The ad encourages people to order a book called "A Married Woman's Secrets Of Financial Survival."
The technique of using an article and personal note has been going around for more than ten years, but Hooker and her daughter Valerie had never seen it before.
"It is unethical and mean and it scares people," said Valerie Hooker.
Hooker said her mother called her when the letter arrived and was concerned about the personal note and the subject of the article.
Hooker said she looked up the information on the internet and found out a similar approach was being used to generate business across the country.
Eva Velasquez with the San Diego Better Business Bureau says the personal note is misleading.

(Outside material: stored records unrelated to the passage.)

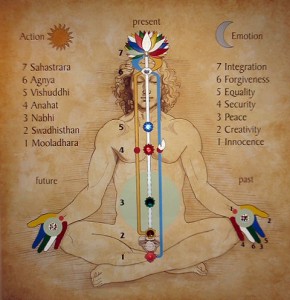 les chakras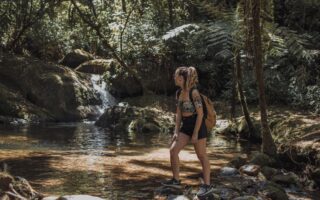 tudo sobre visconde de maua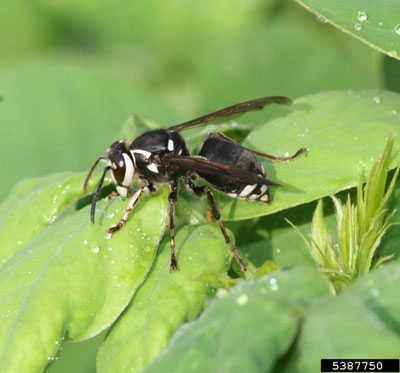 Photo of a black and white hornet sitting on a leaf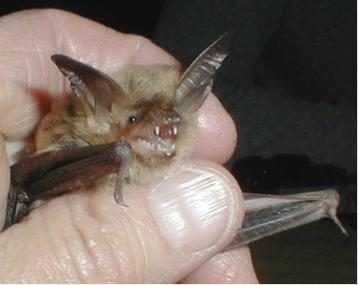 Fringed Myotis (Myotis thysanodes)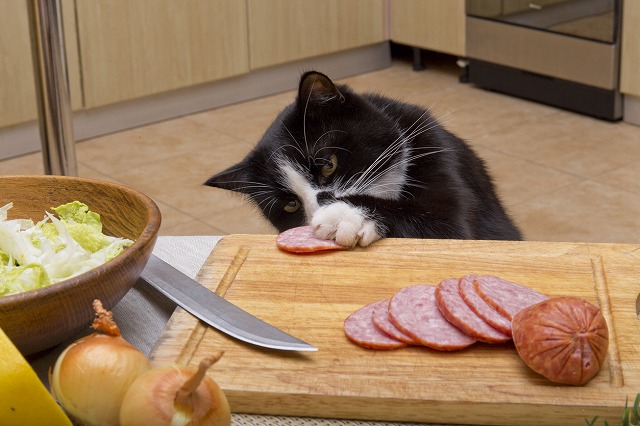 猫にとって、キッチンは危険がいっぱい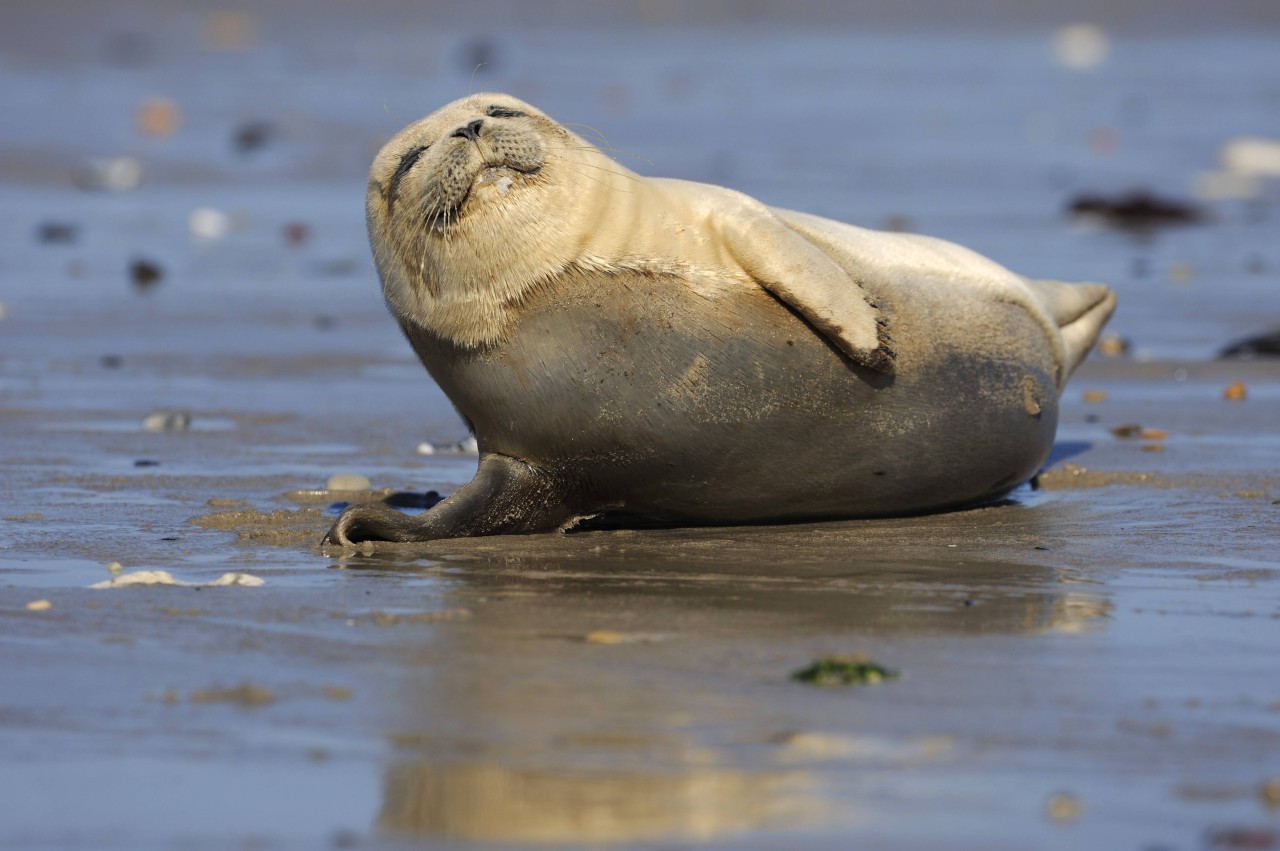 Ein Jungtier am Nordsee-Strand 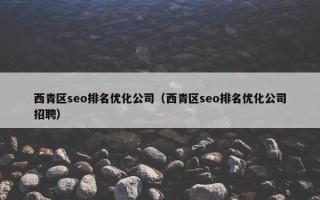 西青区seo排名优化公司（西青区seo排名优化公司招聘）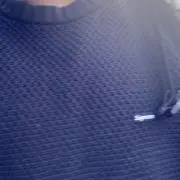 トドの画像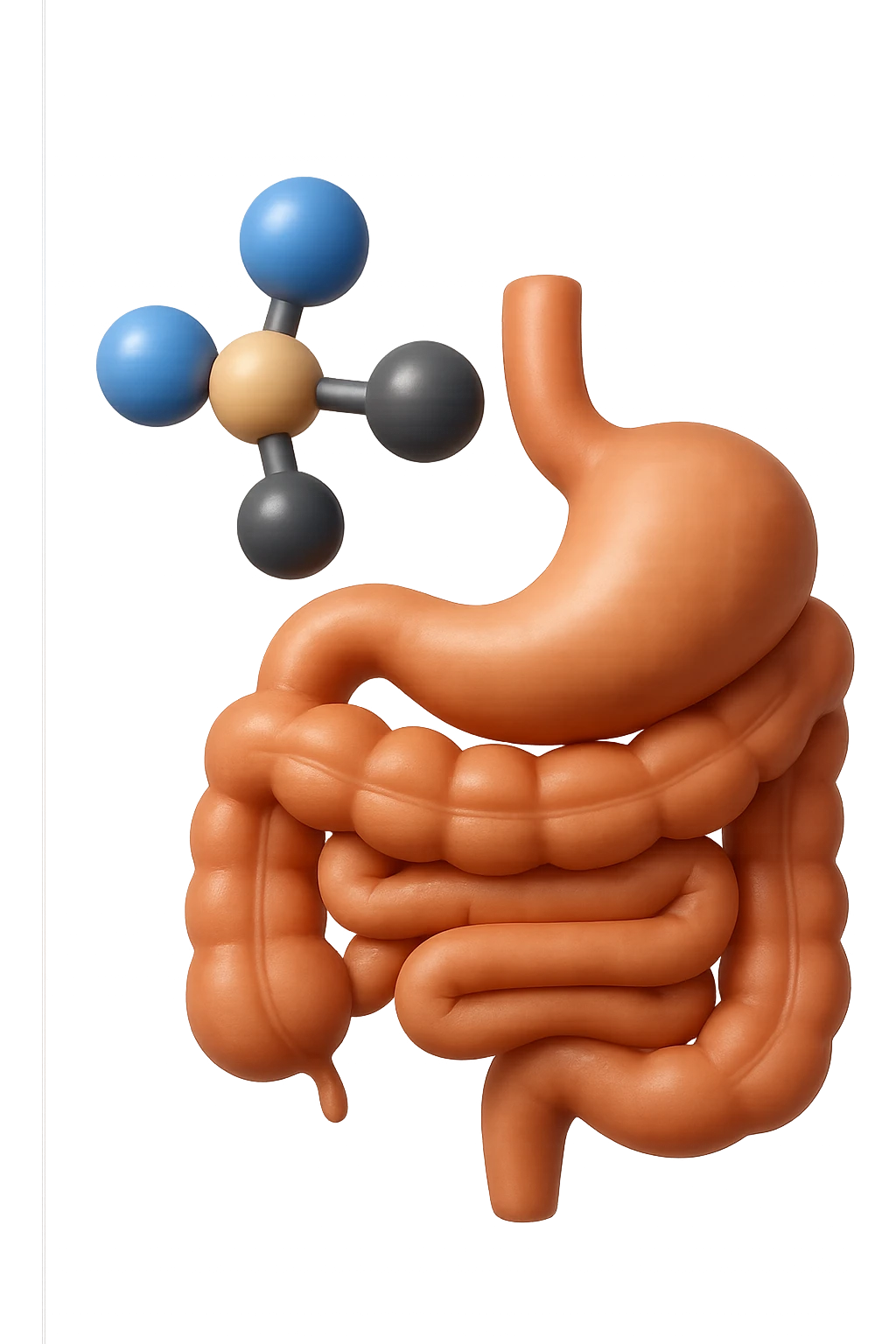 emoji stile iphone in 3d di istamina molecola con intestino, iperrealistico 4k emoji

"It is probably not the best way to market goods and services," said Velasquez.
The BBB has heard from other consumers who were confused into thinking the note was from a friend and not simply an advertisement.
It is interesting to point out that many of the sticky notes end with the initial "J" as the person who is supposedly sending the information.
Velasquez believes it is because many of the most common names like John or Joe or Judy start with the letter.
Does Hooker believe it is a good way of selling their product?
"I would not want to do business with them," she said, "I don't think they should be allowed to do business that way."